# underwear



## Moravia

"Underwear of crêpe de Chine".

Roupa interior mas... de que tipo de tecido?

Obrigada 

Alex


----------



## edupa

O nome do tecido, ao menos aqui no Brsil, é _crepe de chine_ mesmo. Há muitos tipos de crepe (um tecido leve e transparente), inclusive o _crepe_ _de chine_.

Se você estriver traduzindo, deixe a palavra em francês mesmo.

Só por curiosidade, aí em Portugal vocês chamam _underwear_ de "roupa interior"?

Abraços


----------



## Moravia

Muito obrigada pela resposta. Terei que me certificar que de facto não temos nome para esse tecido. 
Roupa interior ou optamos pelo francês "lingerie".


Alex


----------



## edupa

Me parece que em Portugal se diz "crepe da China". Veja só:

http://pauta.dgaiec.min-financas.pt...256C6000400D16/$FILE/NE_CAP50.pdf?OpenElement

natura.di.uminho.pt/pipermail/natura-cvs/2006-July/002096.html 

www.mnsr-ipmuseus.pt/exposicoes/expo02/06.html 

Espero que isso ajude

Abraços


----------



## men40

What would be the word for mens underwear in Portuguese. Would there also be words for the equivalent of mens lingerie?


----------



## Vanda

Underwear - http://www.wordreference.com/enpt/underwear


----------



## Carfer

men40 said:


> What would be the word for mens underwear in Portuguese. Would there also be words for the equivalent of mens lingerie?


In european Portuguese _'roupa interior'_.


----------



## Outsider

men40 said:


> Would there also be words for the equivalent of mens lingerie?
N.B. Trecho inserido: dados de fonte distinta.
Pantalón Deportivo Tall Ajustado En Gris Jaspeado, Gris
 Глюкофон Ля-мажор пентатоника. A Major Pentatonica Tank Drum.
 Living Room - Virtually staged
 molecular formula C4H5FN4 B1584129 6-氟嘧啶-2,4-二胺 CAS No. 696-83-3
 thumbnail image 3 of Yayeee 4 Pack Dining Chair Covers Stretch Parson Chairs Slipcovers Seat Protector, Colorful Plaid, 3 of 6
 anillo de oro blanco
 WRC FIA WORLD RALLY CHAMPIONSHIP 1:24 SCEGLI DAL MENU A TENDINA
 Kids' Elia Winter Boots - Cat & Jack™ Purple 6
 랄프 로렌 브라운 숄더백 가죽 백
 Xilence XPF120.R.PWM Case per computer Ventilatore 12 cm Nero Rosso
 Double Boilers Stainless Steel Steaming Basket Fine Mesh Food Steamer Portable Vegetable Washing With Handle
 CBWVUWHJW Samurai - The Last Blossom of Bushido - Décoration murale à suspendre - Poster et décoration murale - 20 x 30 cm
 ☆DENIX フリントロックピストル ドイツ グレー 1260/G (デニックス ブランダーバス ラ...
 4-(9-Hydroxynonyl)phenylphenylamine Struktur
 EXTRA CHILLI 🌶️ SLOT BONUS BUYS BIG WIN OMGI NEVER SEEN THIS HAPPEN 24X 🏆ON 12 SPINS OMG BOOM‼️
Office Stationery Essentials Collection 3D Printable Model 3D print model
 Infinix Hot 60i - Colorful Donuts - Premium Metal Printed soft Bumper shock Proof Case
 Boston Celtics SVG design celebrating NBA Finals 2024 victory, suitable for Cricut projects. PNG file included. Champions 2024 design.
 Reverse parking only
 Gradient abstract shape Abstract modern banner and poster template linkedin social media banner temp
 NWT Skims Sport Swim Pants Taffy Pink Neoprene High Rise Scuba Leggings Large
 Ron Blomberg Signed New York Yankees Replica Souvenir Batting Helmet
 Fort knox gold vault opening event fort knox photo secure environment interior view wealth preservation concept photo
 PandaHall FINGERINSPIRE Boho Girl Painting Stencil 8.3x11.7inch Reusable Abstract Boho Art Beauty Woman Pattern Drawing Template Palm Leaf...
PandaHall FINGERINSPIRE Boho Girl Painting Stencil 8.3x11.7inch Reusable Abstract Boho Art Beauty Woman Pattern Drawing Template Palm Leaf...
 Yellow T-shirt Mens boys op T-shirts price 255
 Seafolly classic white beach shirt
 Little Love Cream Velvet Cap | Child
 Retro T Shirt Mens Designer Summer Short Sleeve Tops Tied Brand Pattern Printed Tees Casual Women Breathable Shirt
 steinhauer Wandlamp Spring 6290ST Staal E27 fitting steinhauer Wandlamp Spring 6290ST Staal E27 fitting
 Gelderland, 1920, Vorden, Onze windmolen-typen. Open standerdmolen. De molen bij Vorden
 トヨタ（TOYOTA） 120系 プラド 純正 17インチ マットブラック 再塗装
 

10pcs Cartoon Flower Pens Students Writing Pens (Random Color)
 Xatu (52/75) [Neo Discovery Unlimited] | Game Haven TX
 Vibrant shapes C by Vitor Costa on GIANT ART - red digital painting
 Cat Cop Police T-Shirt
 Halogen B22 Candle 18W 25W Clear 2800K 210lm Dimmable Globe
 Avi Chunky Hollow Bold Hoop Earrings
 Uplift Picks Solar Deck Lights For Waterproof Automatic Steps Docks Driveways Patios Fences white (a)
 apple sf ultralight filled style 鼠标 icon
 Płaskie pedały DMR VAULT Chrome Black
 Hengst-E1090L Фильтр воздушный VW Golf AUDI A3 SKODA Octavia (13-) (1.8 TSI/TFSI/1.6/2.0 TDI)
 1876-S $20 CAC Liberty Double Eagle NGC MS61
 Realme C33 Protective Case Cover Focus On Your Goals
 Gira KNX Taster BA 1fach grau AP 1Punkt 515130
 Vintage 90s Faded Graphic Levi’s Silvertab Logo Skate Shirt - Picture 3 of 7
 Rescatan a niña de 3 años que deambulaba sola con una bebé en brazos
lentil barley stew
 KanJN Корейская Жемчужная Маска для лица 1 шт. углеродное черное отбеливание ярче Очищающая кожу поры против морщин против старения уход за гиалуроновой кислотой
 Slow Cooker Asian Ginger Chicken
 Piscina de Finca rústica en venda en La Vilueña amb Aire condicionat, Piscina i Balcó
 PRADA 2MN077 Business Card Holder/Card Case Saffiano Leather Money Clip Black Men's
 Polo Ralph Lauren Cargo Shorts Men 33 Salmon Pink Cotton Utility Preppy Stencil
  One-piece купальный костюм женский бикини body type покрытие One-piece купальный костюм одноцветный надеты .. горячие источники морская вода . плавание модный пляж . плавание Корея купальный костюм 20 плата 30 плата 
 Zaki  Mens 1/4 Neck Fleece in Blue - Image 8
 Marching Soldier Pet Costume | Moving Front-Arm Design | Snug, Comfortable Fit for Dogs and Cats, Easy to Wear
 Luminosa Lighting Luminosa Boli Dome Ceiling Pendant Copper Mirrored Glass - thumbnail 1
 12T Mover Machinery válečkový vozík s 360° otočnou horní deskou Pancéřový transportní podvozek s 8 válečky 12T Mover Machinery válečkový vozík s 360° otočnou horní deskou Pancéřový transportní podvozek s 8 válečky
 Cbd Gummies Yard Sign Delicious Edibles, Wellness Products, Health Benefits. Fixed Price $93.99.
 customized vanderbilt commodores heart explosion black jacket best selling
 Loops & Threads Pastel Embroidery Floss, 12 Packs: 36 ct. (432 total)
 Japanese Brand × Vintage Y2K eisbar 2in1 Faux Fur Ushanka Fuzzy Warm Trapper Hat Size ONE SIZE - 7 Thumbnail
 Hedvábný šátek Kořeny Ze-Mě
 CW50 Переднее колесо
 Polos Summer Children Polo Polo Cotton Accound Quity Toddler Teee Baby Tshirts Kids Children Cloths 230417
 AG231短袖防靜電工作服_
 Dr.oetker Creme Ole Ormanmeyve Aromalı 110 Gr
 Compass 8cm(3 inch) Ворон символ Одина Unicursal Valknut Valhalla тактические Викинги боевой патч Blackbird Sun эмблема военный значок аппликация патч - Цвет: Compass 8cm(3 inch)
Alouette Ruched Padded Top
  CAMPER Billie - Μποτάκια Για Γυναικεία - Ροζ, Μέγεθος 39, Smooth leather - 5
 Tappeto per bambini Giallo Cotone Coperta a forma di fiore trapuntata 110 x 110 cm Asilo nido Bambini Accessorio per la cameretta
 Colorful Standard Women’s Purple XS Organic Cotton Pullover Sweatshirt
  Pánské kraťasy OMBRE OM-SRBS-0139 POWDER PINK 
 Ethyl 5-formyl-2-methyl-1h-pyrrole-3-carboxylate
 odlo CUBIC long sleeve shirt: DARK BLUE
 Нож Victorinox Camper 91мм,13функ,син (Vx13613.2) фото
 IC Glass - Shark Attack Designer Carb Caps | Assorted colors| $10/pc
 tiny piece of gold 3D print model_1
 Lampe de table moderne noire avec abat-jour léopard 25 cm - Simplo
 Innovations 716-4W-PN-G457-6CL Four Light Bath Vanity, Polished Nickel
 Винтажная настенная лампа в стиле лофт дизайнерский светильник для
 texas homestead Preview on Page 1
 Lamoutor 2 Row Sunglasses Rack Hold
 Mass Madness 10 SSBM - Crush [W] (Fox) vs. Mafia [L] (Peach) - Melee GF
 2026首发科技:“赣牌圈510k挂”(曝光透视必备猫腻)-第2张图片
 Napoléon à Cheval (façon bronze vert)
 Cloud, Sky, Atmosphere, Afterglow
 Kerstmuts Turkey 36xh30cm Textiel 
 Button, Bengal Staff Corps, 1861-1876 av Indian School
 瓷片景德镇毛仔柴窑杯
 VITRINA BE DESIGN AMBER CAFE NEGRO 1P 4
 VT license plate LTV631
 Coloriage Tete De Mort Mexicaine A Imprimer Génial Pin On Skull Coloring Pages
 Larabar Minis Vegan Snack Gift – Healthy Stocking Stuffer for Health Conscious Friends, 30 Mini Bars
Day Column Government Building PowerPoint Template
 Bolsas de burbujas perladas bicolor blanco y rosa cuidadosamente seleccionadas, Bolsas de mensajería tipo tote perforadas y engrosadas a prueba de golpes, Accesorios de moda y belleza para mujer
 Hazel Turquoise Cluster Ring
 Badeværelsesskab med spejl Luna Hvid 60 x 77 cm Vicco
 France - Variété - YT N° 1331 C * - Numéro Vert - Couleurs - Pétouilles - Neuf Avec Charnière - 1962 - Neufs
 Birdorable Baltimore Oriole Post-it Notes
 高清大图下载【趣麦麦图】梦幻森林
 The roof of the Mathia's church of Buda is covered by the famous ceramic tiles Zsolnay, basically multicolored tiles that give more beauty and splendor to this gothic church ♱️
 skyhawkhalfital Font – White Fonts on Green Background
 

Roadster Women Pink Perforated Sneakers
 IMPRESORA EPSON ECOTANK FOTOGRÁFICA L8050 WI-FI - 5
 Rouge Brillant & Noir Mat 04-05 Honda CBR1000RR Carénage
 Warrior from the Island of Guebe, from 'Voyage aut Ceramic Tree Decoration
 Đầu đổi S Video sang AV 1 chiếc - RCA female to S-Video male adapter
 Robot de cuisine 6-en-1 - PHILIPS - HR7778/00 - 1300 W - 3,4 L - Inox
I can't think of any. What is men's lingerie?


----------



## Carfer

Eu também não sei, Outsider, ou melhor, acho que não usamos '_lingerie_' com referência a roupa interior de homem. A pergunta de men40 foi, no entanto, induzida pela resposta #3 de Moravia, parece-me, pelo que deduzo que é a _'roupa interior'_ que ele se quer referir.


----------



## Tagarela

Olá,

No Brasil, não dizemos roupa interior, mas _roupa *íntima*_ ou _roupa *de baixo*_. 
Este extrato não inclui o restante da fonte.